RECORDS:

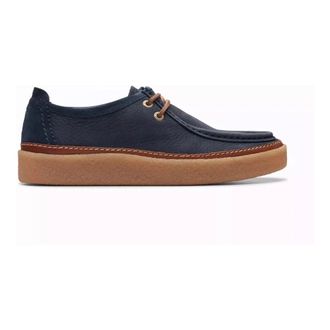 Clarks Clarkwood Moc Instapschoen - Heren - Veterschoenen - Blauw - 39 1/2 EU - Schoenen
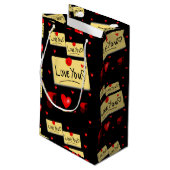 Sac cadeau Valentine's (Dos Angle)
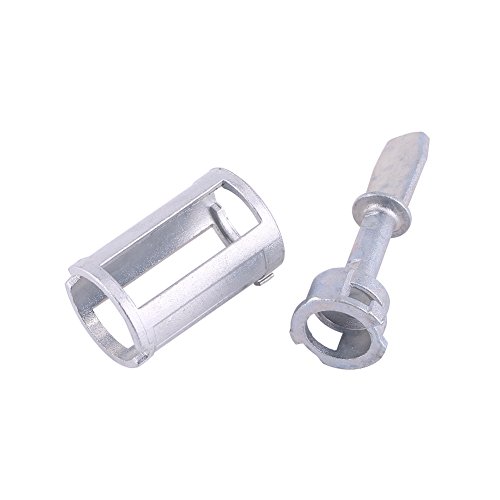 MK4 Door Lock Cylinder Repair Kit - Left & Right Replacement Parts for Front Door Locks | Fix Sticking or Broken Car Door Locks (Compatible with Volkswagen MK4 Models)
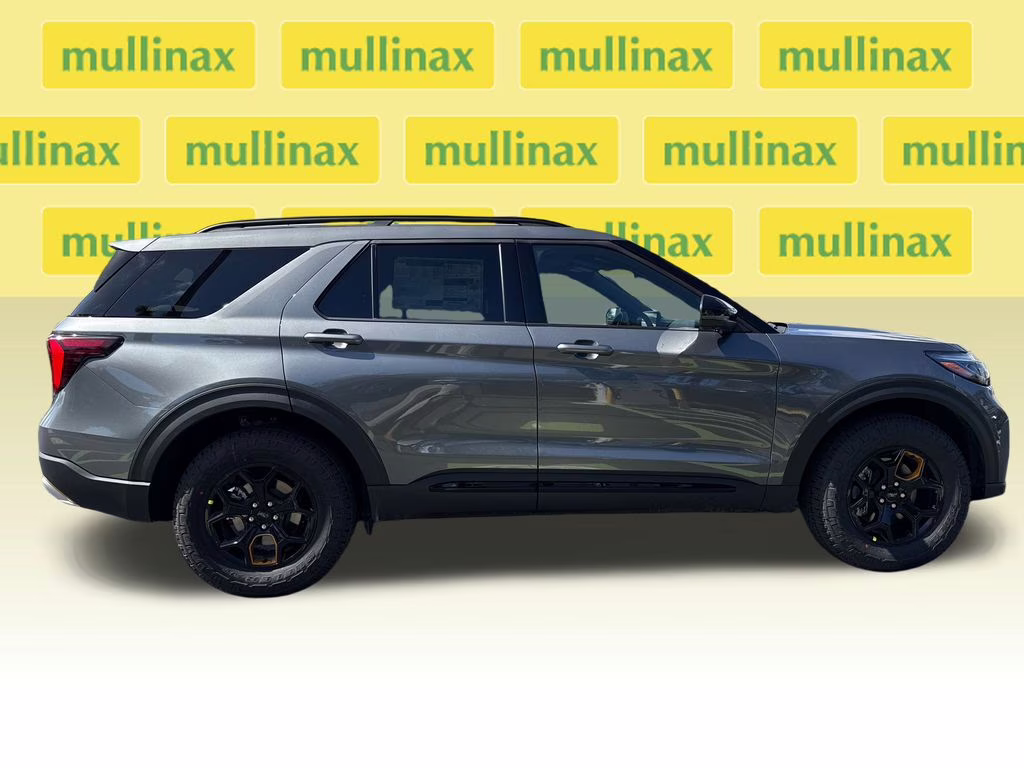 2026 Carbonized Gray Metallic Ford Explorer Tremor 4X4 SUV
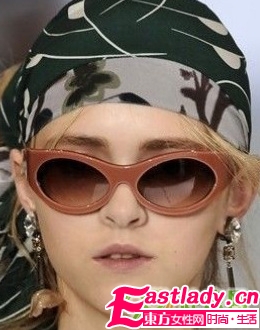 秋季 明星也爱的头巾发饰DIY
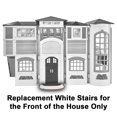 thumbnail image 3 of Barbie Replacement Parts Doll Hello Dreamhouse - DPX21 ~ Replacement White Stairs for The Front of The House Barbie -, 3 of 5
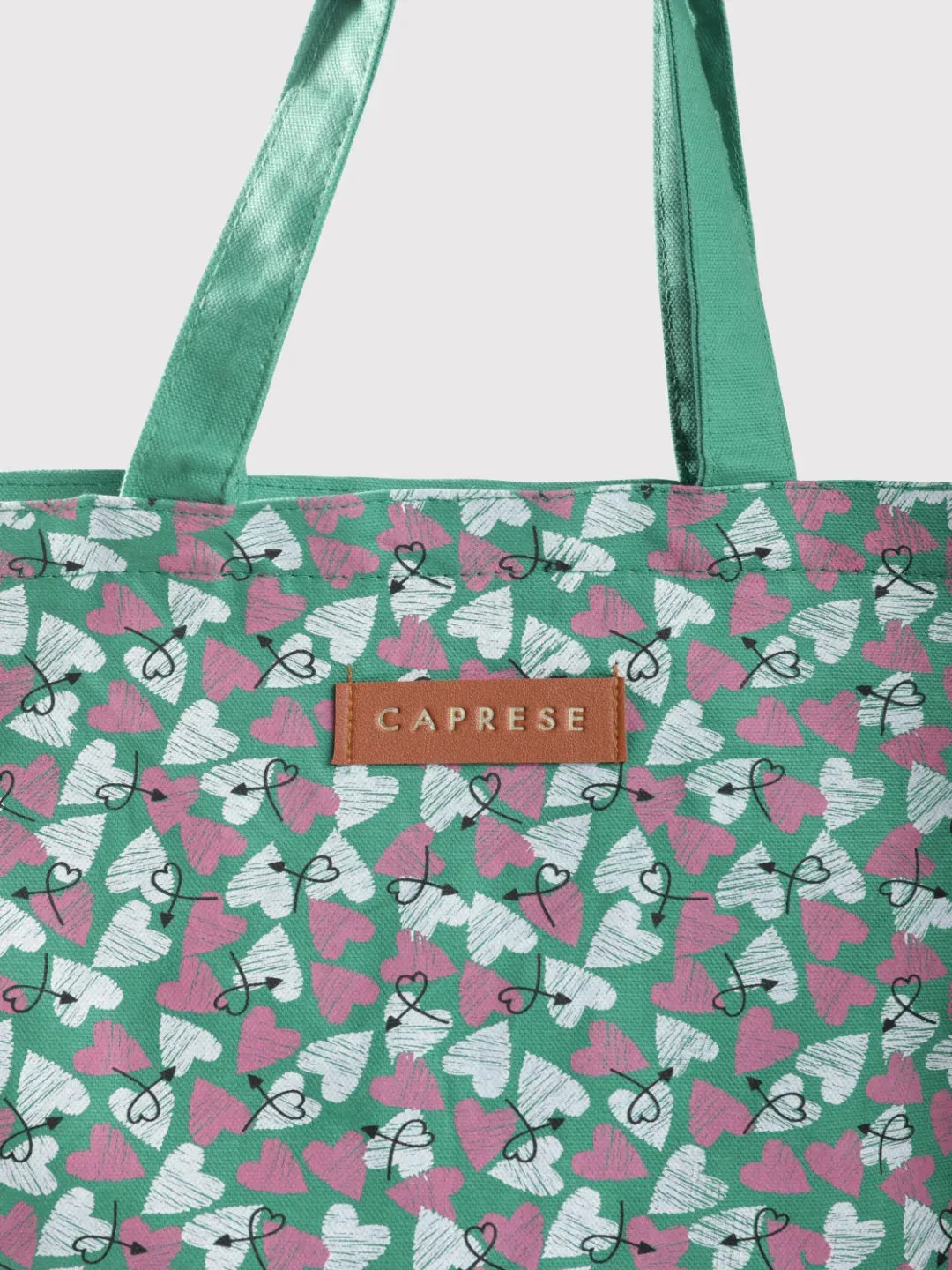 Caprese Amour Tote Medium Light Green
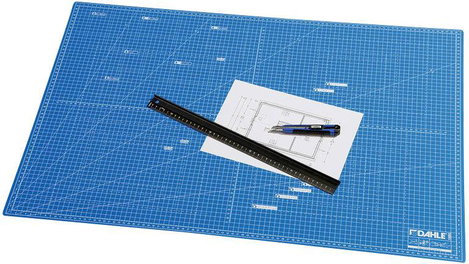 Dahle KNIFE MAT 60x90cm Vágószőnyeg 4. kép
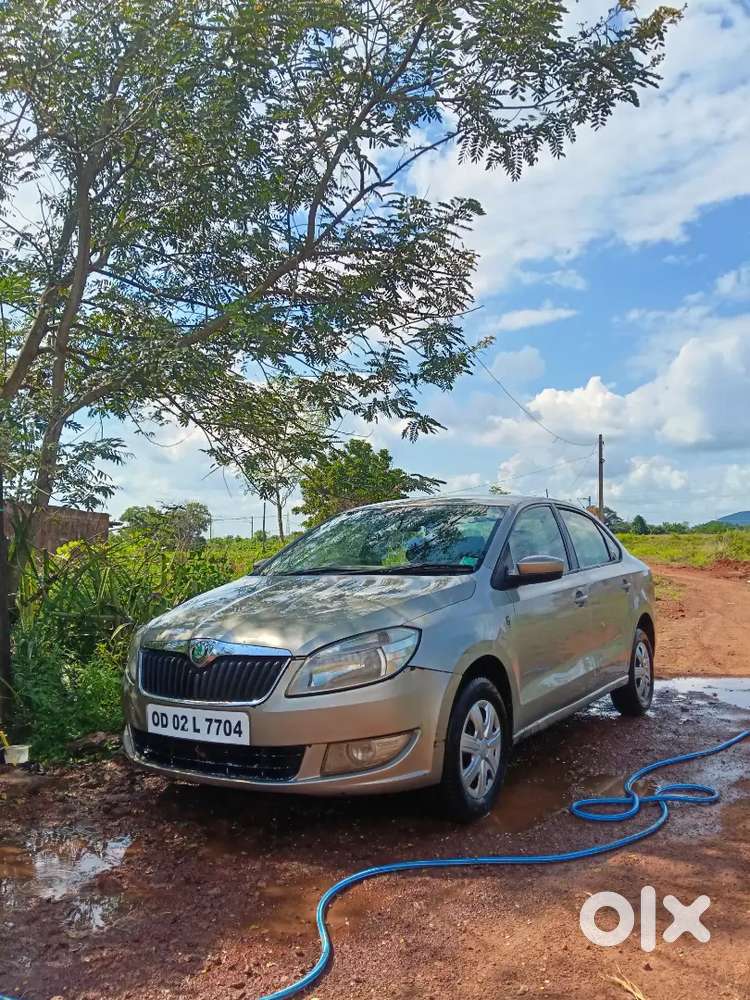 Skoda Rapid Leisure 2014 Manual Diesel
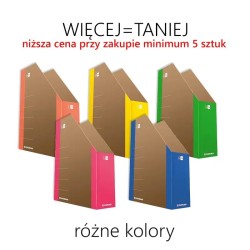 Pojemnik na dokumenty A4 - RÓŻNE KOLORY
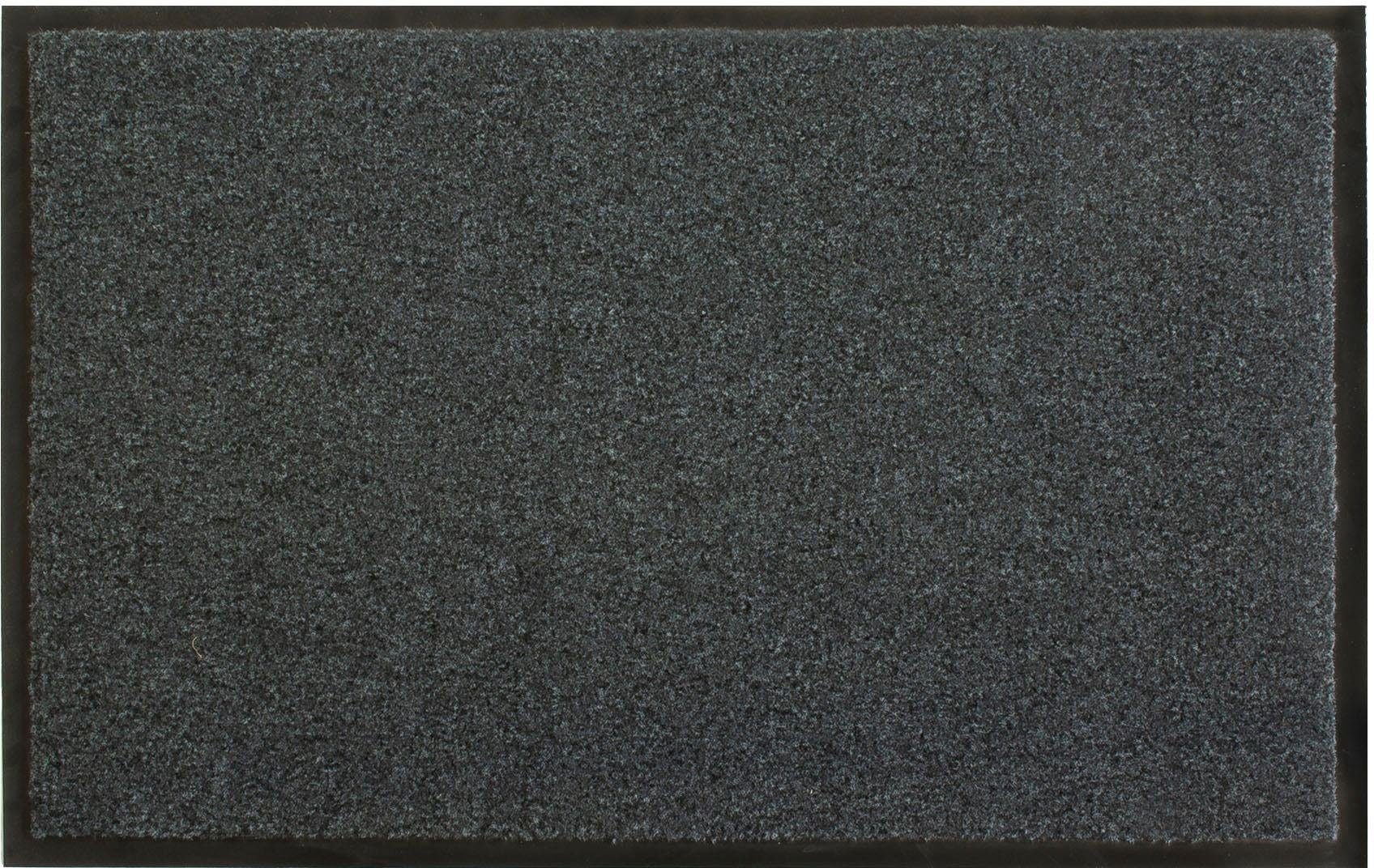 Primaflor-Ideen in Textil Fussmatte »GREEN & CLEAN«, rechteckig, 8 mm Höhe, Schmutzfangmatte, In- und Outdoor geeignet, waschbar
...
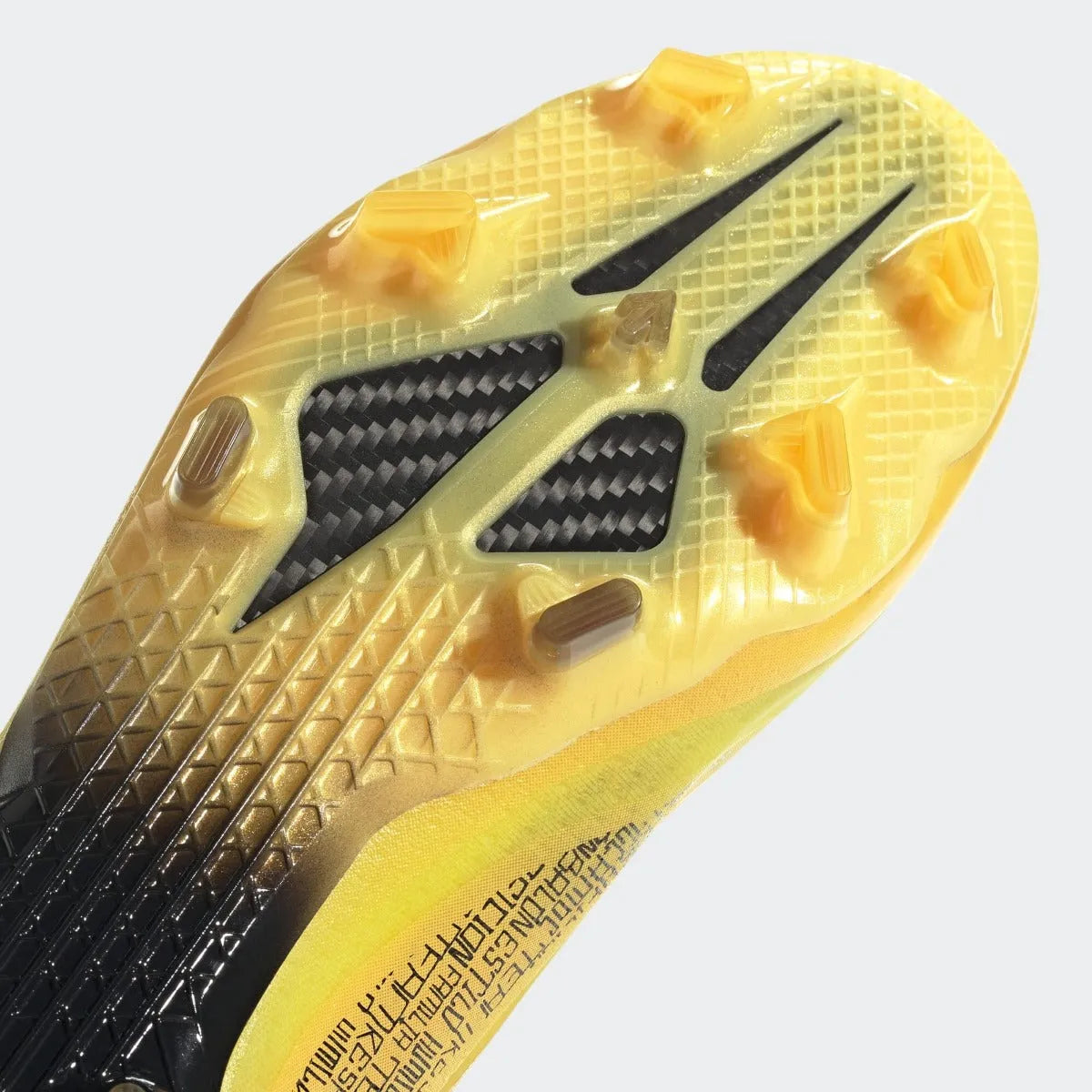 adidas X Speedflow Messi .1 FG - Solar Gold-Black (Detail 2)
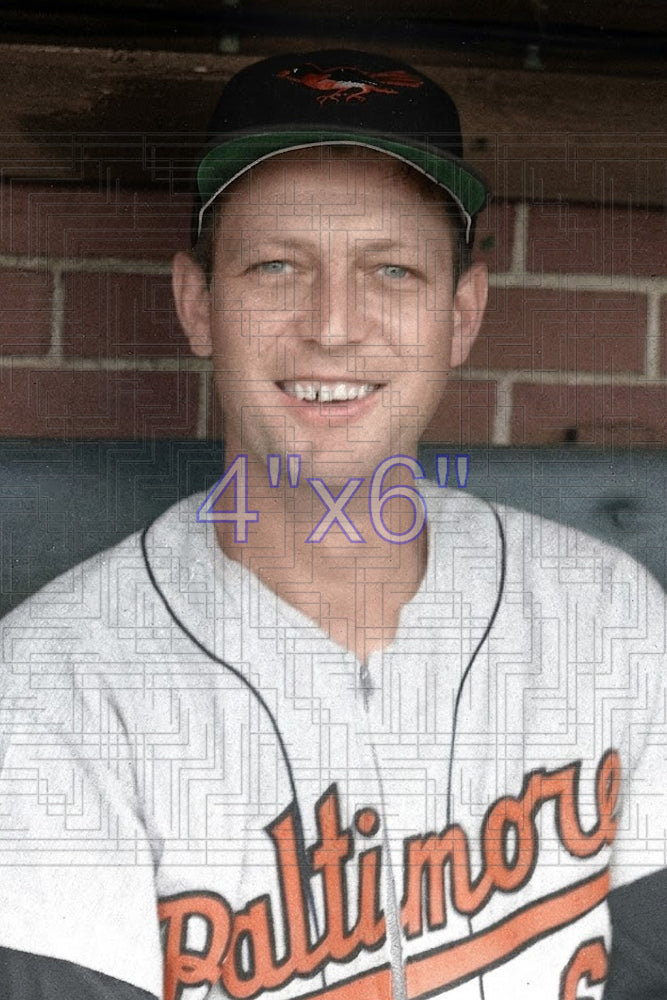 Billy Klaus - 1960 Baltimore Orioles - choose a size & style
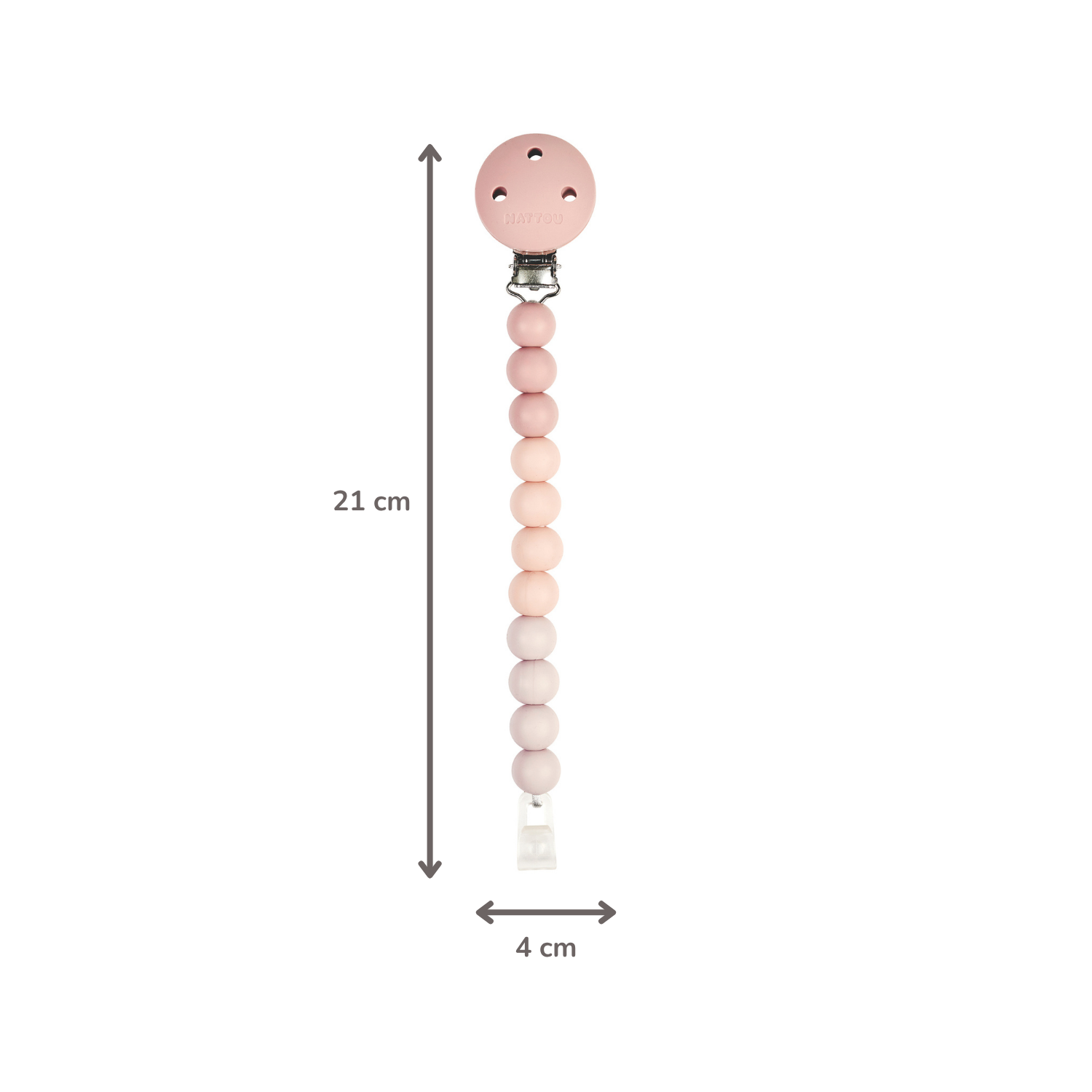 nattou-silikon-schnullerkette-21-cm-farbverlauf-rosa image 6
...
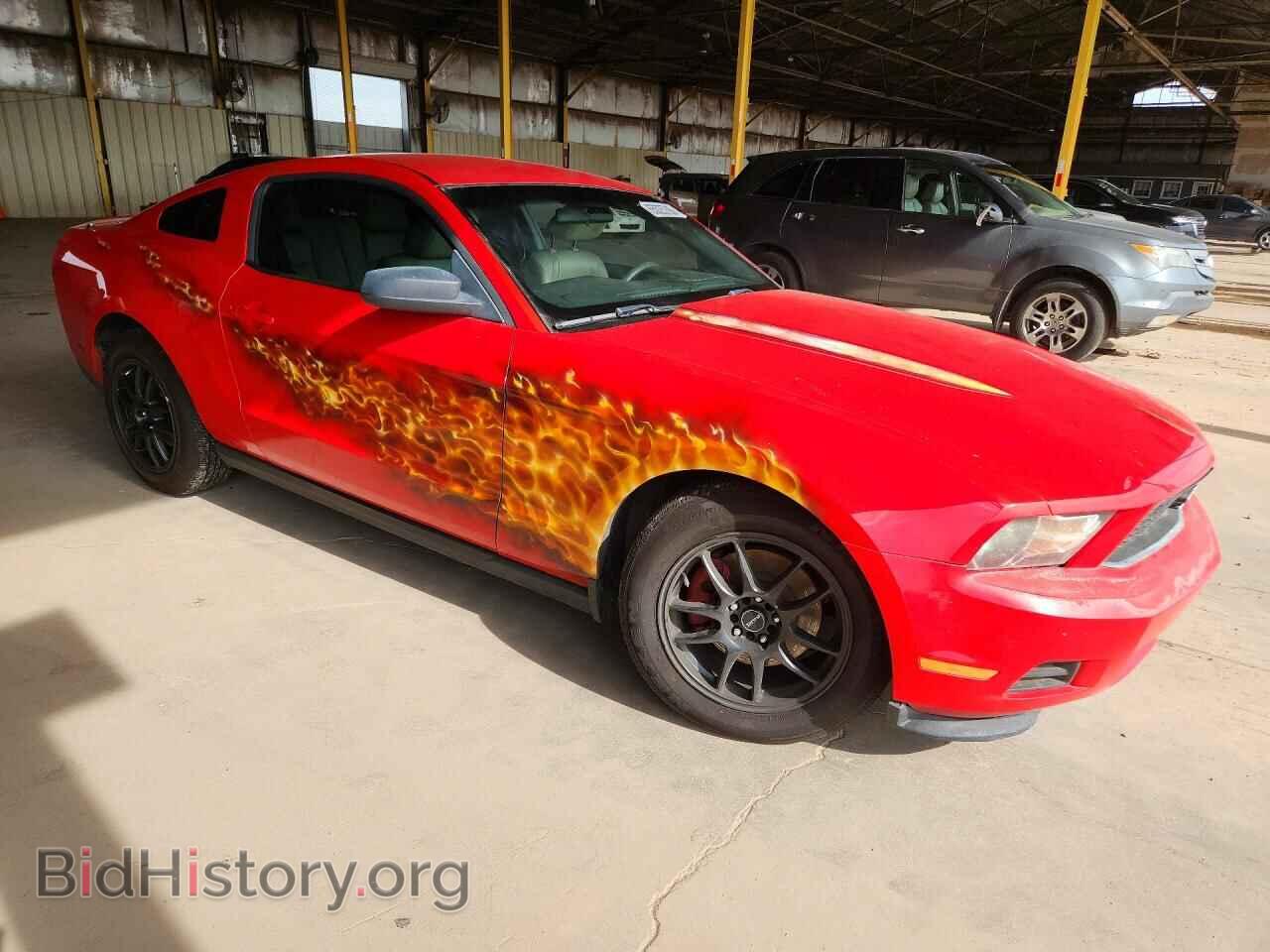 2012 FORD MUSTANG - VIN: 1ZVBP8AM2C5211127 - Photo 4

WHAT THIS TASK INVOLVES: Print an exact copy of the lines above, from the one containing "Clarks Clarkwood Moc" through the one containing "Skoda Rapid Leisure 2014 Manual Diesel", and leave out the pictures.

ANSWER SPACE:
 Clarks Clarkwood Moc Instapschoen - Heren - Veterschoenen - Blauw - 39 1/2 EU - Schoenen
 Sac cadeau Valentine's (Dos Angle)
 MK4 Door Lock Cylinder Repair Kit - Left & Right Replacement Parts for Front Door Locks | Fix Sticking or Broken Car Door Locks (Compatible with Volkswagen MK4 Models)
 2026 Carbonized Gray Metallic Ford Explorer Tremor 4X4 SUV
 秋季 明星也爱的头巾发饰DIY
 thumbnail image 3 of Barbie Replacement Parts Doll Hello Dreamhouse - DPX21 ~ Replacement White Stairs for The Front of The House Barbie -, 3 of 5
 Caprese Amour Tote Medium Light Green
 Dahle KNIFE MAT 60x90cm Vágószőnyeg 4. kép
 Skoda Rapid Leisure 2014 Manual Diesel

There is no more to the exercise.